## TRY IT
Return each of the entries below word for word.

Records drawn from a dataset:
════

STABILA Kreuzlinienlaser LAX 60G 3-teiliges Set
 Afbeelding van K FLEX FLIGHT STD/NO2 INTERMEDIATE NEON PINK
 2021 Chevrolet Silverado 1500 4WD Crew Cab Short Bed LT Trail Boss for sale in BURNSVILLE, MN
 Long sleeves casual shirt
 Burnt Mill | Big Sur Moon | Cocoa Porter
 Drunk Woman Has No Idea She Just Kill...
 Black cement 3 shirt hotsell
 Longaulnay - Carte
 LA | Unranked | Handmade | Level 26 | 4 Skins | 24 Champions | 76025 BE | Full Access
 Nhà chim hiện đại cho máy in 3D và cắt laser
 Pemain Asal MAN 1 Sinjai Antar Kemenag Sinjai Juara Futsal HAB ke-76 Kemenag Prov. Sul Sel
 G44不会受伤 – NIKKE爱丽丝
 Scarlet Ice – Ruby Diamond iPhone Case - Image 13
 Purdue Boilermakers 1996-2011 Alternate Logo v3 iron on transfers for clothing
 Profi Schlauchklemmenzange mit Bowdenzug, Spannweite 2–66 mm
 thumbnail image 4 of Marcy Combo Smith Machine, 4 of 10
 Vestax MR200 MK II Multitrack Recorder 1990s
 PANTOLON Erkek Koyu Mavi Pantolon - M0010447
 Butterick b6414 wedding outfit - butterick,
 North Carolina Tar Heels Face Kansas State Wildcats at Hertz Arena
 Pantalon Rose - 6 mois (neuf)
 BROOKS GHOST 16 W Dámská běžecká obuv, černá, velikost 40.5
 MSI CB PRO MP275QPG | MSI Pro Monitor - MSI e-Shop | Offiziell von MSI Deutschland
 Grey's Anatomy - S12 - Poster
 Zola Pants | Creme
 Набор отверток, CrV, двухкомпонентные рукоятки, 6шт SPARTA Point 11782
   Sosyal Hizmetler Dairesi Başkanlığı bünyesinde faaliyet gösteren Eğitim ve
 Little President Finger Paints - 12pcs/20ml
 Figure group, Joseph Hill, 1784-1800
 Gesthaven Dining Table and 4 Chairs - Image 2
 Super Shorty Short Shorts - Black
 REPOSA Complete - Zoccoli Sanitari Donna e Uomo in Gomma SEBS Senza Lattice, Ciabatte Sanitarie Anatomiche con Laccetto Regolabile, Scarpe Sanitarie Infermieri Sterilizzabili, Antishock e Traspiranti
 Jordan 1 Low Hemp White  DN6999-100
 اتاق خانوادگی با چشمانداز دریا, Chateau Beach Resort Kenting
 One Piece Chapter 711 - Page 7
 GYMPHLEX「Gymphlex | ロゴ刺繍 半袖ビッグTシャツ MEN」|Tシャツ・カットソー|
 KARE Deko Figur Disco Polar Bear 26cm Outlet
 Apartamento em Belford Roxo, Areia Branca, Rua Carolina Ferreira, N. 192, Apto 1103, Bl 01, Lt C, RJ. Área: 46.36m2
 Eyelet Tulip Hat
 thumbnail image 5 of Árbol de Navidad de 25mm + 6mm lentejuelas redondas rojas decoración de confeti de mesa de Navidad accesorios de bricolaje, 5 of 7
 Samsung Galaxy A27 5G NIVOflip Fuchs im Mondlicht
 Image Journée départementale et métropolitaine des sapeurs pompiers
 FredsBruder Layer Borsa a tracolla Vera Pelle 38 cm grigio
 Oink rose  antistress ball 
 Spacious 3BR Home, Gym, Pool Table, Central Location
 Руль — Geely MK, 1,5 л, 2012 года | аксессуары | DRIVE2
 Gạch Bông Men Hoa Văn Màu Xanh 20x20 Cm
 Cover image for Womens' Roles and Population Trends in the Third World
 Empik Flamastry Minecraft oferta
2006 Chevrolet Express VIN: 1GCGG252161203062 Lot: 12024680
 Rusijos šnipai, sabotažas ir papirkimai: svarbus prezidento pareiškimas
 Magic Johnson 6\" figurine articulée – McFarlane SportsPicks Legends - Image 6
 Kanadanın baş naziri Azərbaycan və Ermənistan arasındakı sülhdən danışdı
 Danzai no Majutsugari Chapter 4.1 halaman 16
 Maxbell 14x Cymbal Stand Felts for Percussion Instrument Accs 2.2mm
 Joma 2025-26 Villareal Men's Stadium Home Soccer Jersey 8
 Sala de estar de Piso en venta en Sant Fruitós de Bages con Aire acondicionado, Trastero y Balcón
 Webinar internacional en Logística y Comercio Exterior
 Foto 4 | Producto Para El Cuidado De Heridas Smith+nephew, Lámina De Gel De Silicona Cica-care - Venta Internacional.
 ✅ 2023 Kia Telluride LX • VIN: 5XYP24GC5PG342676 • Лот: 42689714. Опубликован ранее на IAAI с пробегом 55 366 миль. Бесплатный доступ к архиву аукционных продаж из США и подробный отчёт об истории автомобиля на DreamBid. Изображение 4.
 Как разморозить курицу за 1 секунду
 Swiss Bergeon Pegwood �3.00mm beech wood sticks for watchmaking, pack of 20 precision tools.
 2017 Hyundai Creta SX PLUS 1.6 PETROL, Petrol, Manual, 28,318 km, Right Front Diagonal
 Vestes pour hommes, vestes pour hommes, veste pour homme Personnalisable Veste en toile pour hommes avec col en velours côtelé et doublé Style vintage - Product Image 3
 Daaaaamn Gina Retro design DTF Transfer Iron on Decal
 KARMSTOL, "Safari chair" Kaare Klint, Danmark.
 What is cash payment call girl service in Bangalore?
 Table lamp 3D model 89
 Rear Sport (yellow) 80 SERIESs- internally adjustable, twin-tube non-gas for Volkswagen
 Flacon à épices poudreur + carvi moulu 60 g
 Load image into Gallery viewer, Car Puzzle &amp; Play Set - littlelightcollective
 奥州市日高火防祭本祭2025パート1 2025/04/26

════

## RESULT
STABILA Kreuzlinienlaser LAX 60G 3-teiliges Set
 Afbeelding van K FLEX FLIGHT STD/NO2 INTERMEDIATE NEON PINK
 2021 Chevrolet Silverado 1500 4WD Crew Cab Short Bed LT Trail Boss for sale in BURNSVILLE, MN
 Long sleeves casual shirt
 Burnt Mill | Big Sur Moon | Cocoa Porter
 Drunk Woman Has No Idea She Just Kill...
 Black cement 3 shirt hotsell
 Longaulnay - Carte
 LA | Unranked | Handmade | Level 26 | 4 Skins | 24 Champions | 76025 BE | Full Access
 Nhà chim hiện đại cho máy in 3D và cắt laser
 Pemain Asal MAN 1 Sinjai Antar Kemenag Sinjai Juara Futsal HAB ke-76 Kemenag Prov. Sul Sel
 G44不会受伤 – NIKKE爱丽丝
 Scarlet Ice – Ruby Diamond iPhone Case - Image 13
 Purdue Boilermakers 1996-2011 Alternate Logo v3 iron on transfers for clothing
 Profi Schlauchklemmenzange mit Bowdenzug, Spannweite 2–66 mm
 thumbnail image 4 of Marcy Combo Smith Machine, 4 of 10
 Vestax MR200 MK II Multitrack Recorder 1990s
 PANTOLON Erkek Koyu Mavi Pantolon - M0010447
 Butterick b6414 wedding outfit - butterick,
 North Carolina Tar Heels Face Kansas State Wildcats at Hertz Arena
 Pantalon Rose - 6 mois (neuf)
 BROOKS GHOST 16 W Dámská běžecká obuv, černá, velikost 40.5
 MSI CB PRO MP275QPG | MSI Pro Monitor - MSI e-Shop | Offiziell von MSI Deutschland
 Grey's Anatomy - S12 - Poster
 Zola Pants | Creme
 Набор отверток, CrV, двухкомпонентные рукоятки, 6шт SPARTA Point 11782
   Sosyal Hizmetler Dairesi Başkanlığı bünyesinde faaliyet gösteren Eğitim ve
 Little President Finger Paints - 12pcs/20ml
 Figure group, Joseph Hill, 1784-1800
 Gesthaven Dining Table and 4 Chairs - Image 2
 Super Shorty Short Shorts - Black
 REPOSA Complete - Zoccoli Sanitari Donna e Uomo in Gomma SEBS Senza Lattice, Ciabatte Sanitarie Anatomiche con Laccetto Regolabile, Scarpe Sanitarie Infermieri Sterilizzabili, Antishock e Traspiranti
 Jordan 1 Low Hemp White  DN6999-100
 اتاق خانوادگی با چشمانداز دریا, Chateau Beach Resort Kenting
 One Piece Chapter 711 - Page 7
 GYMPHLEX「Gymphlex | ロゴ刺繍 半袖ビッグTシャツ MEN」|Tシャツ・カットソー|
 KARE Deko Figur Disco Polar Bear 26cm Outlet
 Apartamento em Belford Roxo, Areia Branca, Rua Carolina Ferreira, N. 192, Apto 1103, Bl 01, Lt C, RJ. Área: 46.36m2
 Eyelet Tulip Hat
 thumbnail image 5 of Árbol de Navidad de 25mm + 6mm lentejuelas redondas rojas decoración de confeti de mesa de Navidad accesorios de bricolaje, 5 of 7
 Samsung Galaxy A27 5G NIVOflip Fuchs im Mondlicht
 Image Journée départementale et métropolitaine des sapeurs pompiers
 FredsBruder Layer Borsa a tracolla Vera Pelle 38 cm grigio
 Oink rose  antistress ball 
 Spacious 3BR Home, Gym, Pool Table, Central Location
 Руль — Geely MK, 1,5 л, 2012 года | аксессуары | DRIVE2
 Gạch Bông Men Hoa Văn Màu Xanh 20x20 Cm
 Cover image for Womens' Roles and Population Trends in the Third World
 Empik Flamastry Minecraft oferta
2006 Chevrolet Express VIN: 1GCGG252161203062 Lot: 12024680
 Rusijos šnipai, sabotažas ir papirkimai: svarbus prezidento pareiškimas
 Magic Johnson 6\" figurine articulée – McFarlane SportsPicks Legends - Image 6
 Kanadanın baş naziri Azərbaycan və Ermənistan arasındakı sülhdən danışdı
 Danzai no Majutsugari Chapter 4.1 halaman 16
 Maxbell 14x Cymbal Stand Felts for Percussion Instrument Accs 2.2mm
 Joma 2025-26 Villareal Men's Stadium Home Soccer Jersey 8
 Sala de estar de Piso en venta en Sant Fruitós de Bages con Aire acondicionado, Trastero y Balcón
 Webinar internacional en Logística y Comercio Exterior
 Foto 4 | Producto Para El Cuidado De Heridas Smith+nephew, Lámina De Gel De Silicona Cica-care - Venta Internacional.
 ✅ 2023 Kia Telluride LX • VIN: 5XYP24GC5PG342676 • Лот: 42689714. Опубликован ранее на IAAI с пробегом 55 366 миль. Бесплатный доступ к архиву аукционных продаж из США и подробный отчёт об истории автомобиля на DreamBid. Изображение 4.
 Как разморозить курицу за 1 секунду
 Swiss Bergeon Pegwood �3.00mm beech wood sticks for watchmaking, pack of 20 precision tools.
 2017 Hyundai Creta SX PLUS 1.6 PETROL, Petrol, Manual, 28,318 km, Right Front Diagonal
 Vestes pour hommes, vestes pour hommes, veste pour homme Personnalisable Veste en toile pour hommes avec col en velours côtelé et doublé Style vintage - Product Image 3
 Daaaaamn Gina Retro design DTF Transfer Iron on Decal
 KARMSTOL, "Safari chair" Kaare Klint, Danmark.
 What is cash payment call girl service in Bangalore?
 Table lamp 3D model 89
 Rear Sport (yellow) 80 SERIESs- internally adjustable, twin-tube non-gas for Volkswagen
 Flacon à épices poudreur + carvi moulu 60 g
 Load image into Gallery viewer, Car Puzzle &amp; Play Set - littlelightcollective
 奥州市日高火防祭本祭2025パート1 2025/04/26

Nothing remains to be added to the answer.